During the debates, the Honourable Eilizabeth Ofusu Adjare (MP), the Minister for Trade, Agribusiness and Industry recalled that when the WTO was established in Marrakech in 1994, many African countries arrived “like observers at the table,” signing onto a system largely shaped by others’ priorities and with limited voice in the outcomes of the Uruguay Round.
While African countries ratified the agreements in good faith, the Minister noted that the continent too often operated as rule-takers rather than rule-makers. “This is no longer our story,” she stressed, urging that MC14, to be hosted on African soil, must be the moment Africa influences the future of the WTO decisively, including reforms that better support development, policy space for industrialisation, and a more equitable trading system.

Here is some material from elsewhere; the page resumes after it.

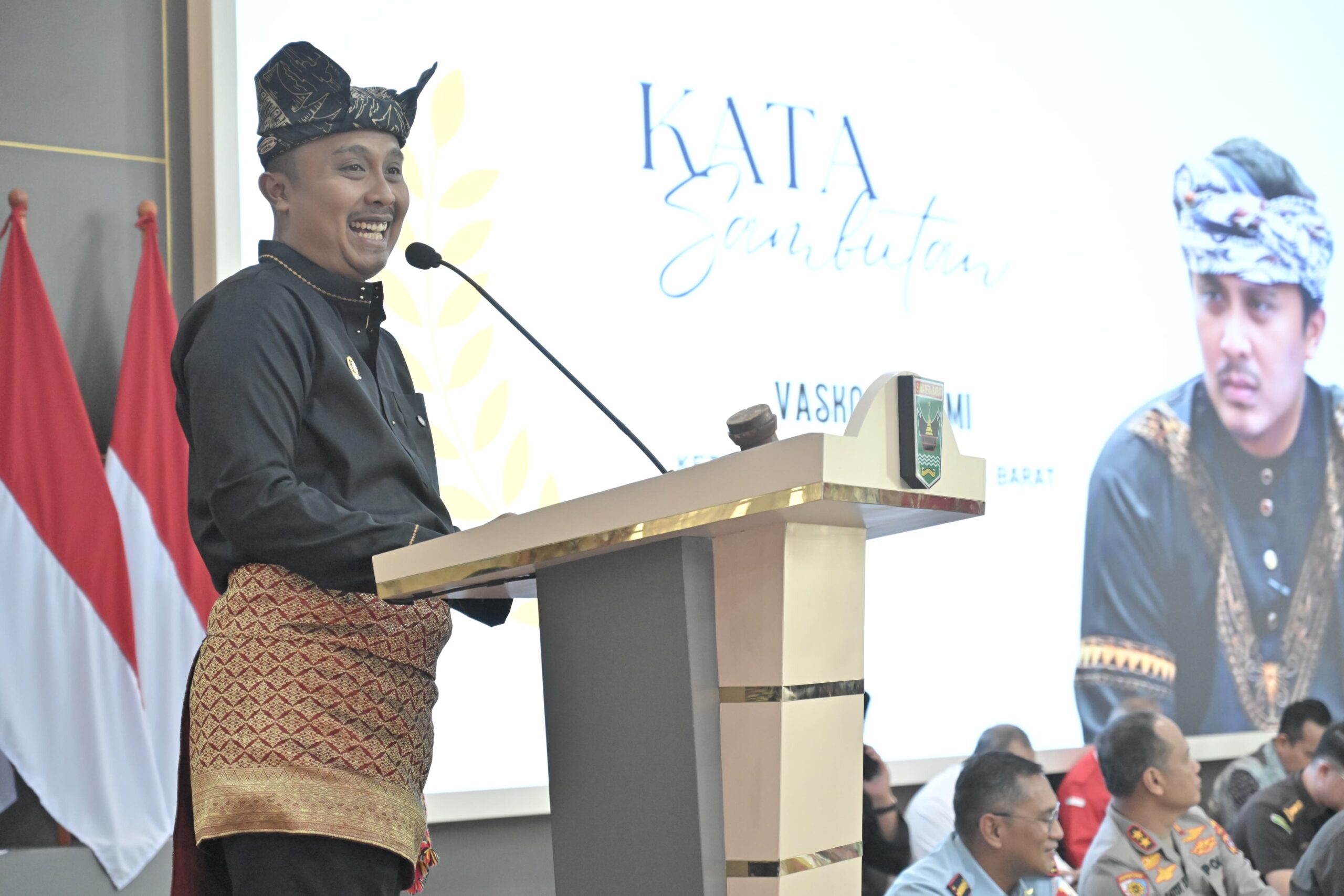 Wagub Sumbar, Vasco Ruseimy.[foto : ist]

Beyond the retreat discussions, the Honourable Minister also sat on a ministerial panel focused on practical steps to make the AfCFTA deliver real commercial results. She called for stronger continental solidarity to address the constraints holding back intra-African trade, highlighting persistent non-tariff barriers, high logistics costs and weak connectivity, limited availability of vessels for sea transportation, lack of harmonisation in customs and standards procedures, and trade finance gaps that continue to restrict SMEs, especially women-led enterprises.
She emphasised that the AfCFTA will succeed only if African countries jointly tackle these bottlenecks through coordinated reforms, improved trade facilitation, and targeted investments in transport, border systems, standards infrastructure, and digital trade enablers.
The Marrakech engagement concluded with a shared commitment to deepen African coordination ahead of MC14, align negotiating positions, and ensure that Africa’s priorities, productive capacity, resilience, and inclusive growth, are firmly reflected in multilateral outcomes.
Ministers reaffirmed that the AfCFTA remains Africa’s primary vehicle for industrialisation and regional value chains, and that a stronger, more unified African voice at MC14 will be essential to building a WTO that works for development and delivers for people and businesses across the continent.